Parece que ainda estamos na ditadura militar, só que agora é Psdb contra a liberdade de expressão dos “outos”. Só eles podem acusar, julgar e condenar.

Elias

Jornalistas da grande imprensa interagem com criminosos e não são demitidos. A própria grande imprensa publica fichas falsas, planta notícias mentirosas, manipula pesquisas e não é incriminada. E de repente, uma simples resenha do livro A Privataria Tucana publicada no site da Revista de História da Biblioteca Nacional causa todo esse alvoroço. Alvoroço, não! É golpe mesmo. Caíram o jornalista Barbosa, o editor Figueiredo e todo o Conselho Editorial. Esses opositores fascitas querem a liberdade de expressão pra eles, querem a democracia ao estilo deles, querem pra eles um poder brasiguaio que tanto admiram e apóiam.

Apolônio

Dona Erenice Guerra teve seu processo arquivado. Agora ela pode manifestar.

    Willian

    E pode ser reconduzida ao governo. Será? Se não, por quê?

    Marianne

    Pelo mesmo motivo pelo qual você não se separaria de sua nova esposa para voltar com a antiga, só porque descobriu que era mentira que a antiga esposa o traía. E, mesmo se fizesse isso, o casamento não seria mais o mesmo.

mello

Muito boa a menção ao saudoso jornal Ultima Hora….Os blogs sujos vieram em Boa Hora !!

Julio Silveira

Me informem uma coisa, pro cara palida entender, essa Revista de História da Bibliteca Nacional é de responsabilidade da Biblioteca Nacional né? Que por sua vez é tutelada pelo Governo Federal, tô certo? Se for, então por que o governo federal faria uma coisa dessas contra democratas que tem fé na expressão liberdade de imprensa? Será que é pretenção ao premio Belford Duarte de fair Play entre adversários. Ou é mais que isso, é uma forma de evitar algo que pode incomodar a todos por ser habitual a todos e que só foi exposto por que reporteres trouxeram a tona modus operandi dessa podre politica brasileira, mas que não há nenhum interesse em movimentar essa lama toda? gostaria de entender. Por favor digam que estou viajando na maionese. Por que para mim é inexplicavel demitir pessoas por fazerem um resenha de um assunto serissimo, “Privatas do Caribe” ou Privataria Tucana, que as autoridades, em geral, parecem preferir colocar um sofa em cima para abafar.

Gerson Carneiro

Revista Veja foi condenada a indenizar Déda do PT em R$ 200 mil por calúnia.

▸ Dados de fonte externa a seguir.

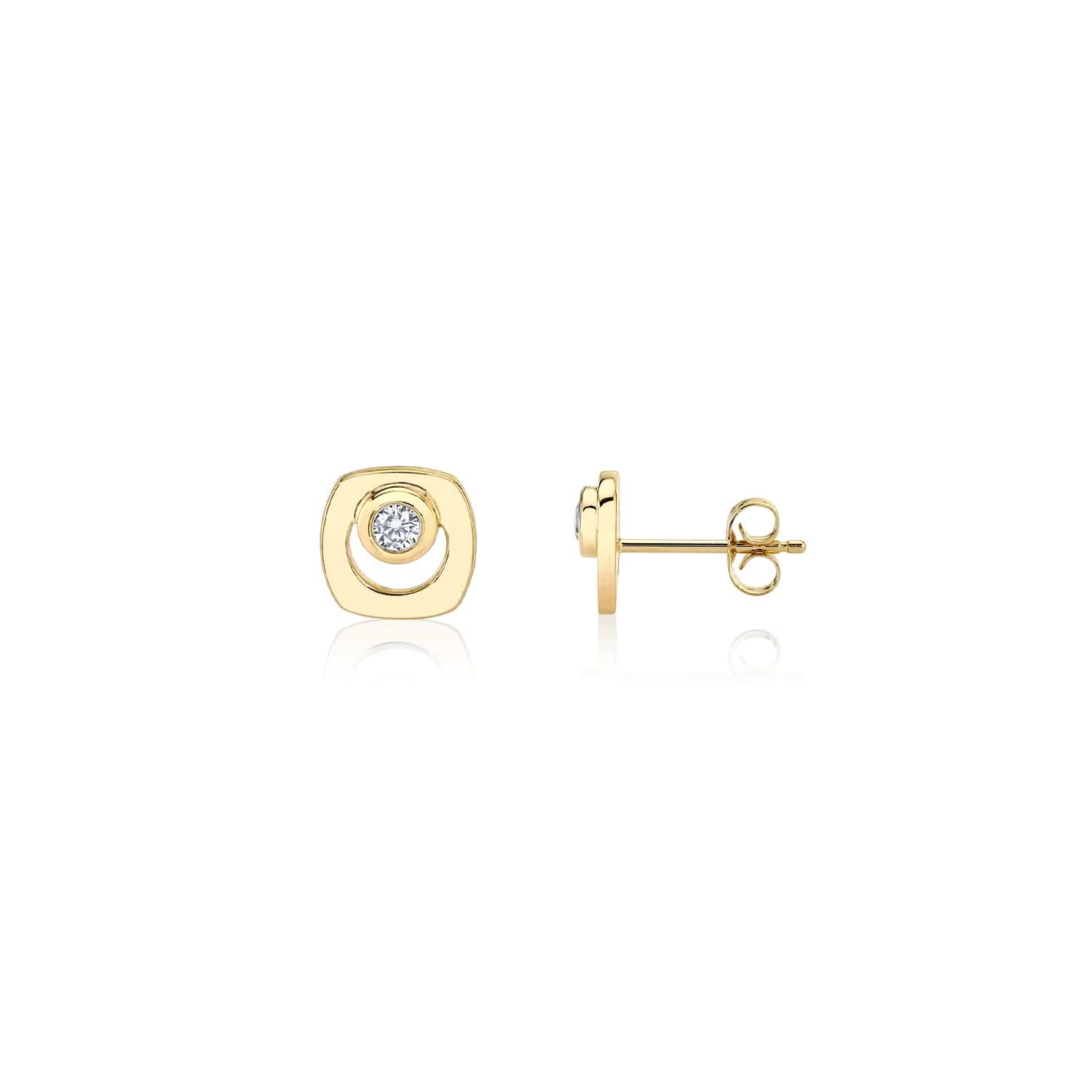 MICHAEL M Earrings Signature Stud White/Yellow Gold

A 1ª Câmara Cível do Tribunal de Justiça de Sergipe aprovou, por unanimidade, a condenação da revista Veja a pagar R$ 200 mil ao governador Marcelo Déda e com direito a valores atualizados em função da publicação de uma matéria veiculada sob título “Micareta picareta”, em maio de 2006.

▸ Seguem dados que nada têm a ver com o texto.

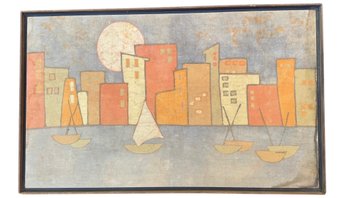MCM Danish Batik Textile 'Boats' By Urself Shaffer 42' X 25'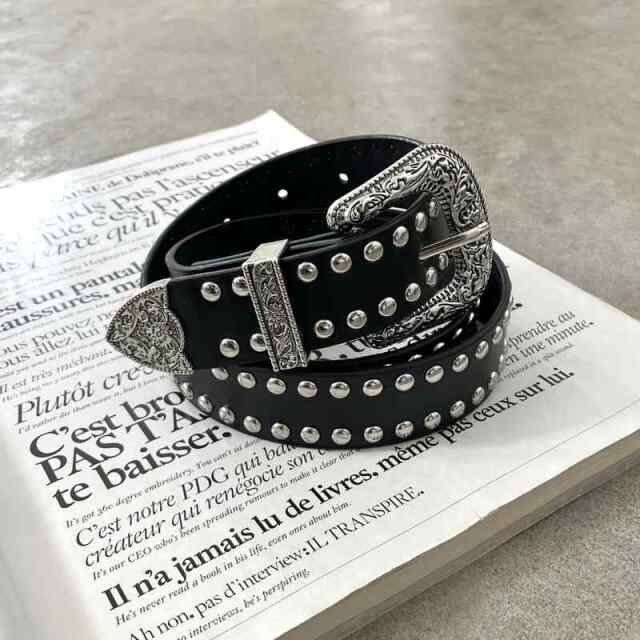 non-hedge デザインバックルモチーフスタッズベルト|TiMTiM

http://senoticias.com.br/se/?p=38024

Saulo Machado

Azenha, um botão para compartilhar no Google+ ajudaria no Viomundo…

Pedro Luiz

É o gjeito psdb(LETRA MINUSCULA) democrático e de livre pensamento.Nada de novo.PSDB combina com tudo isso e muito mais.

Fabio Passos

Os tucanos perseguem e mandam demitir jornalistas… e agora querem censurar a internet.
O desprezo dos tucanos pela liberdade de expressão é evidente.
O único compromisso dos tucanos é com as oligarquias corruptas que controlam a mídia no Brasil: globo, veja, estadão e fsp

A rede é cada dia mais importante… e o PIG cada vez mais irrelevante.
É isto o que incomoda os tucanos. É por isso que tentam censurar a internet.

Roberto Locatelli

Vote na enquete do IG: qual o pior prefeito que São Paulo já teve. Está na página inicial – http://www.ig.com.br

    lulipe

    Eu já votei na “Martaxa”!!!

    Marianne

    Por falar nisso, você se lembra de quanto pagava dessa taxa da Marta, quando ela era prefeita de São Paulo? Porque eu me lembro, pagava R$ 6,00 por mês.

Marat

Vivemos hoje algo peculiar: Um grupo que se julga dono absoluto da verdade, incensado e corroborado em sua “verdade” por quase toda a imprensa, e outro grupo que pretende mostrar que há outros pontos de vista, e que a tal “verdade” muitas vezes não passa de falácia. Tal grupo nem ouvido é, e a imprensa “livre” e “democrática” finge que eles nem existem… Tenebrosos tempos!